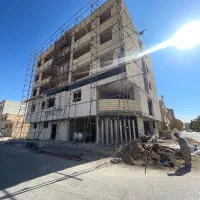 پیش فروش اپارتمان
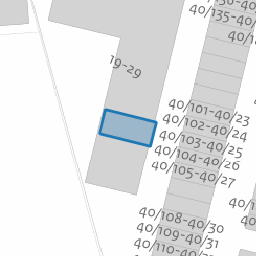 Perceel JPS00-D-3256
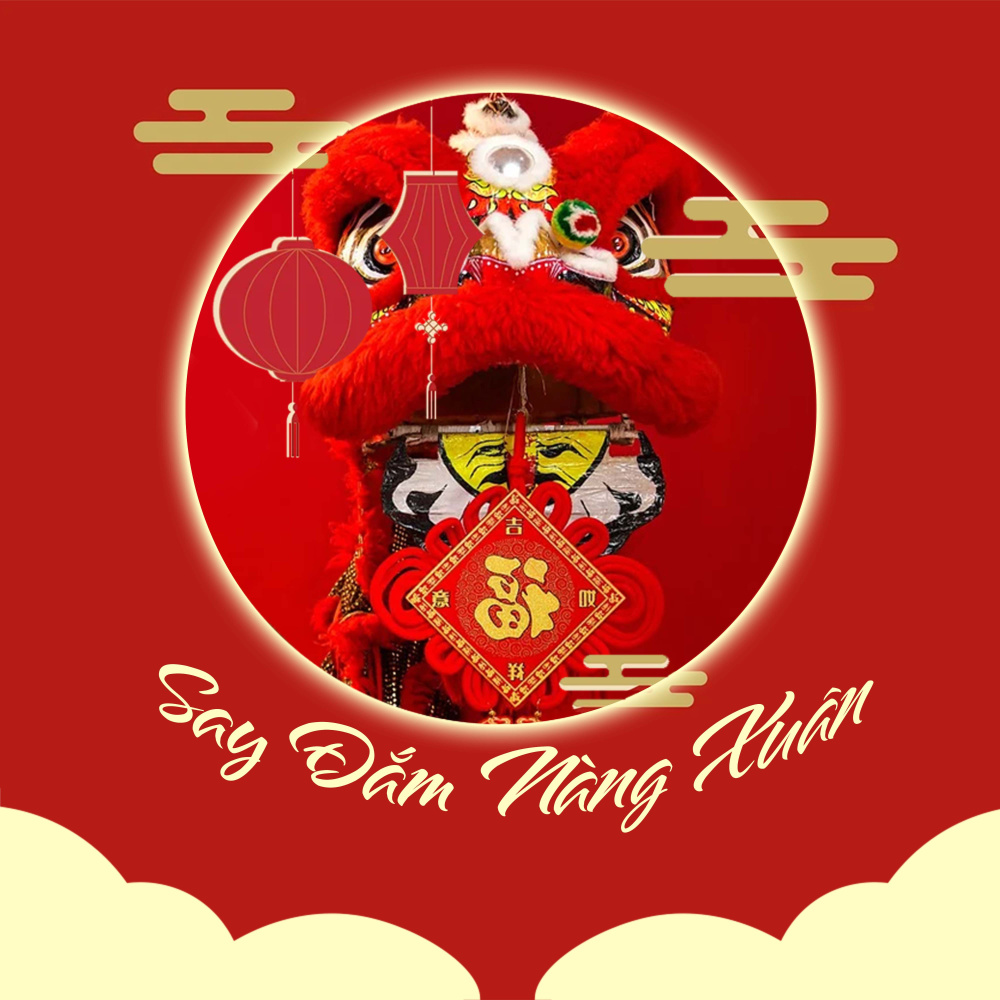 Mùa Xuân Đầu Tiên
...
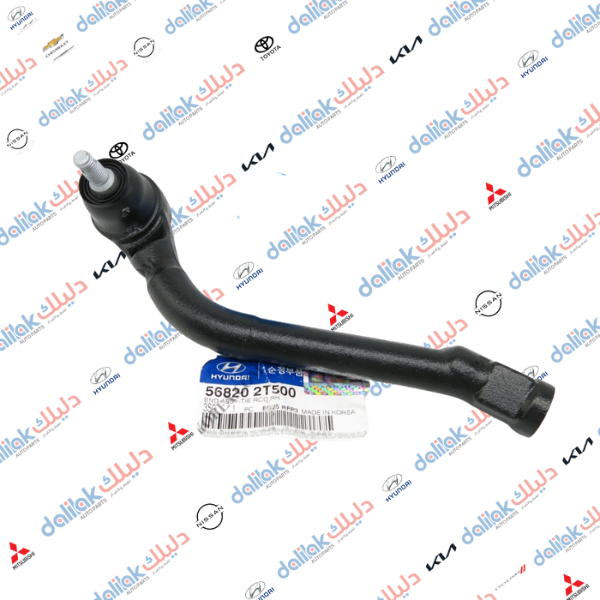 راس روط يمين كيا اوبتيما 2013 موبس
---
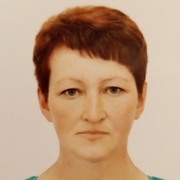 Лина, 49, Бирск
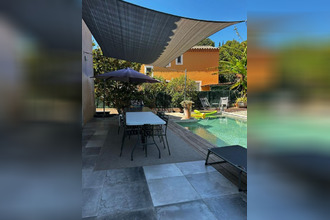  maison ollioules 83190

• [BRIEF]:
Pictures in the entries do not go into the copy. Print only the lines starting at the one containing "پیش فروش اپارتمان" and ending at the one containing "Mùa Xuân Đầu Tiên", exactly as they appear.

• [RESPONSE TO THE EXERCISE]:
 پیش فروش اپارتمان
 Perceel JPS00-D-3256
 Mùa Xuân Đầu Tiên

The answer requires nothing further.